-- Data for processing --
::::::::::
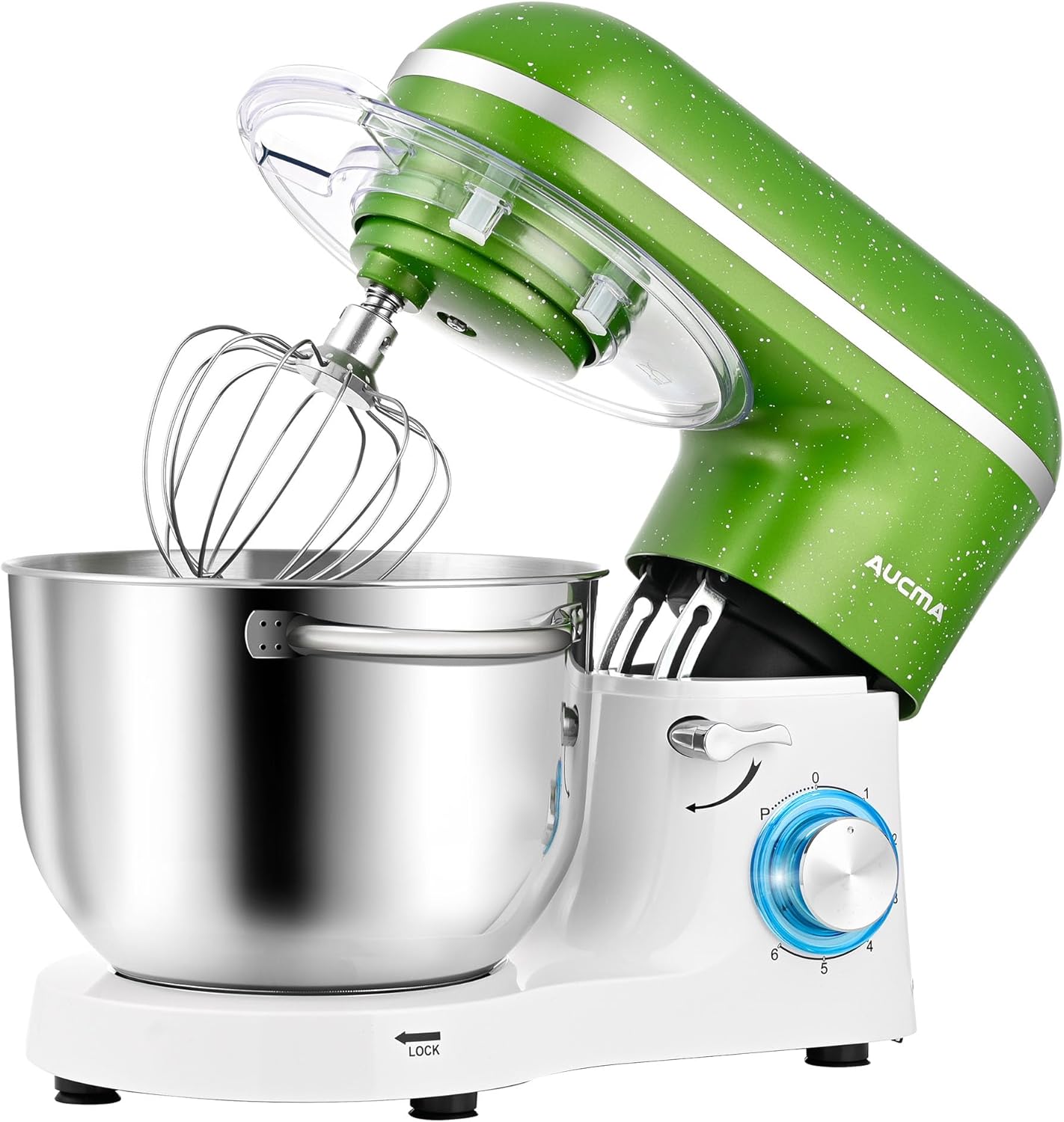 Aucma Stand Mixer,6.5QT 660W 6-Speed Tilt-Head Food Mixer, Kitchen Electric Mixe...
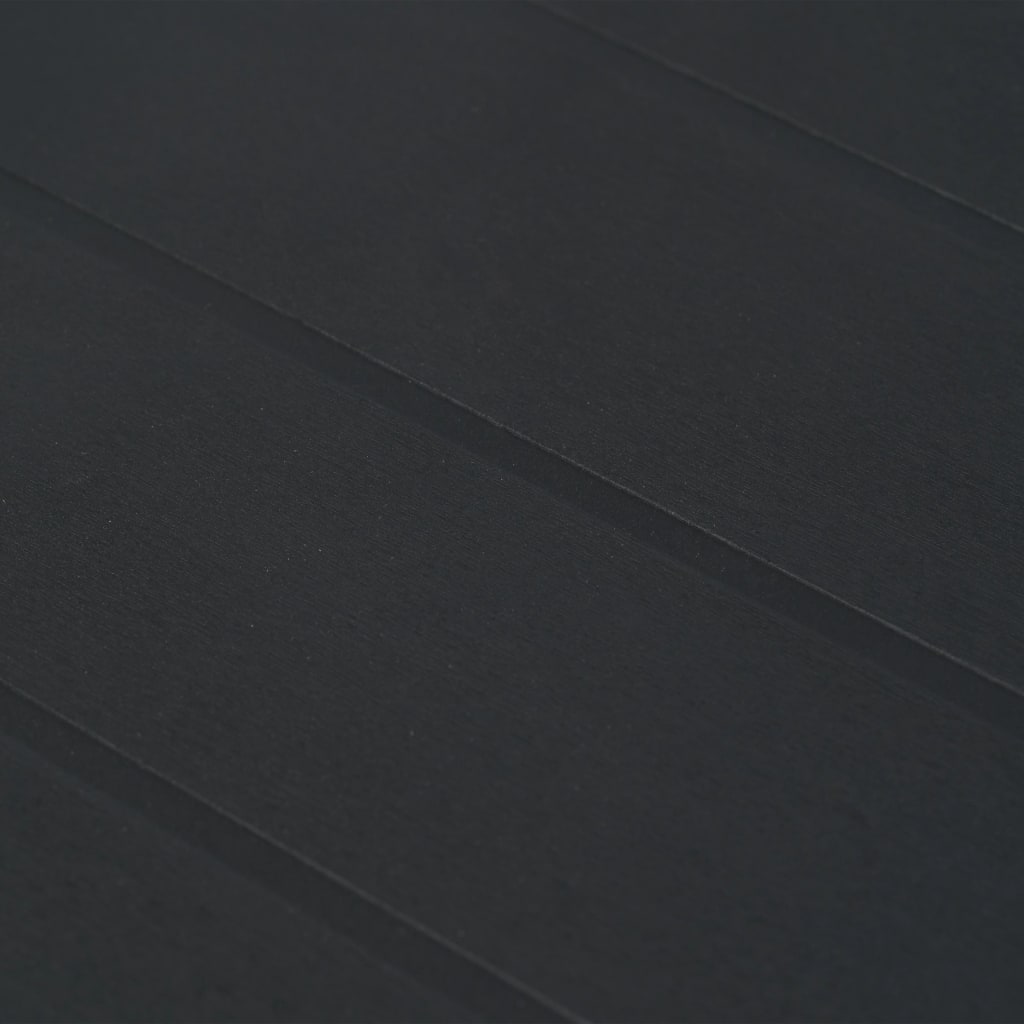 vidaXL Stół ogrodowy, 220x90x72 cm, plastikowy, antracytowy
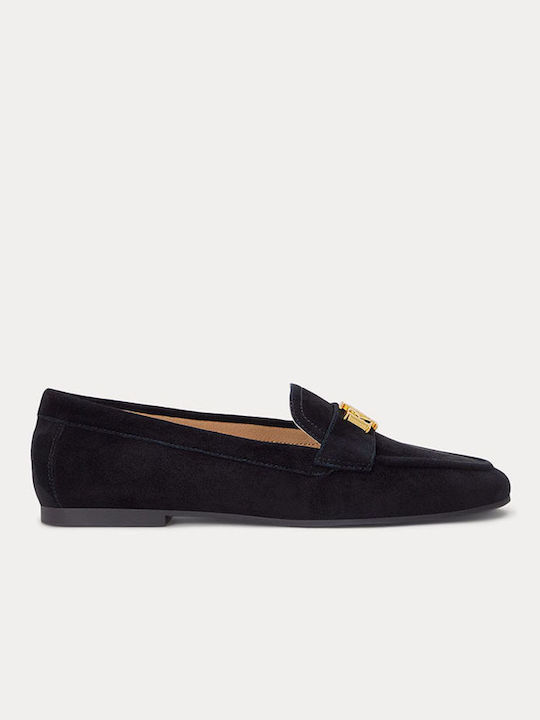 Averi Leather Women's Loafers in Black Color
::::::::::
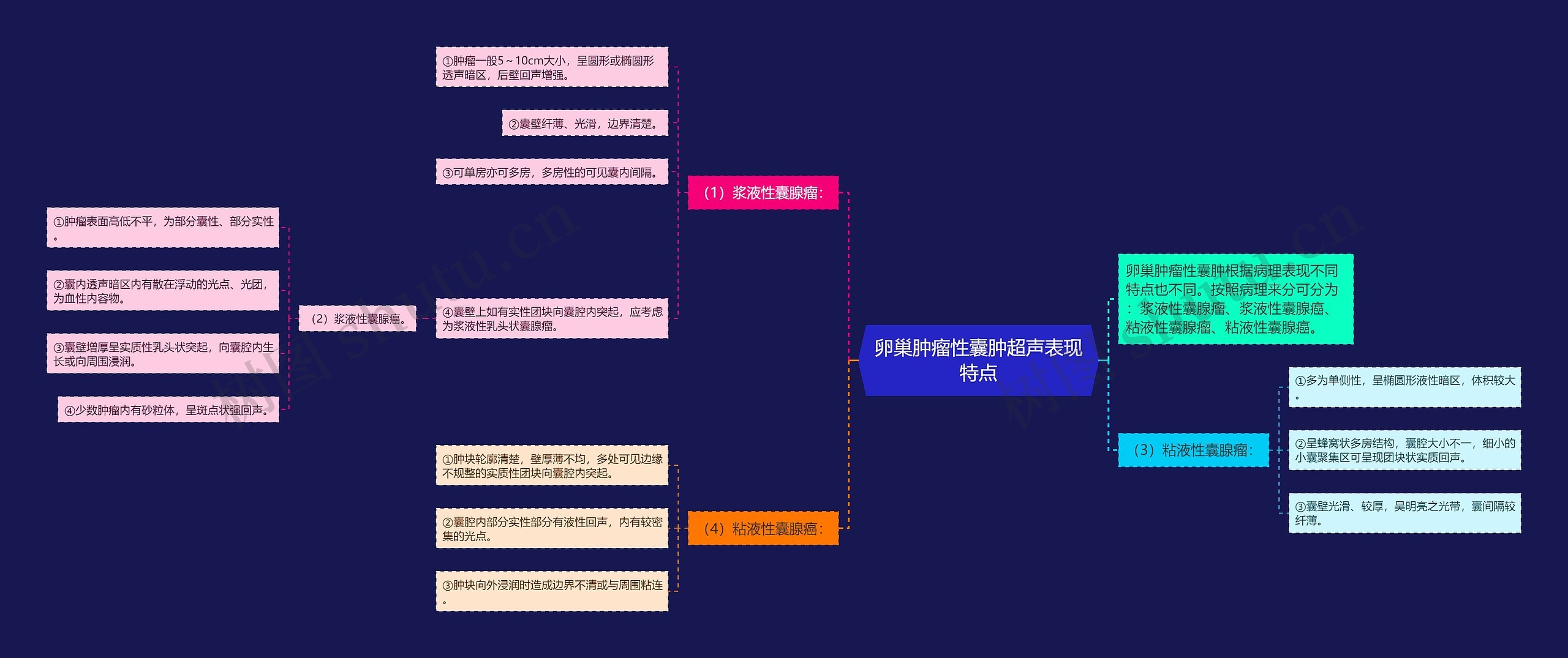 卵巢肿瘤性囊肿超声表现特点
::::::::::
-- Aim of the task --
Transcribe the listing above exactly, but only from the line with "vidaXL Stół ogrodowy, 220x90x72" through the line with "Averi Leather Women's Loafers in Black Color". Include both of those lines and omit the pictures.

-- Solution for this problem --
 vidaXL Stół ogrodowy, 220x90x72 cm, plastikowy, antracytowy
 Averi Leather Women's Loafers in Black Color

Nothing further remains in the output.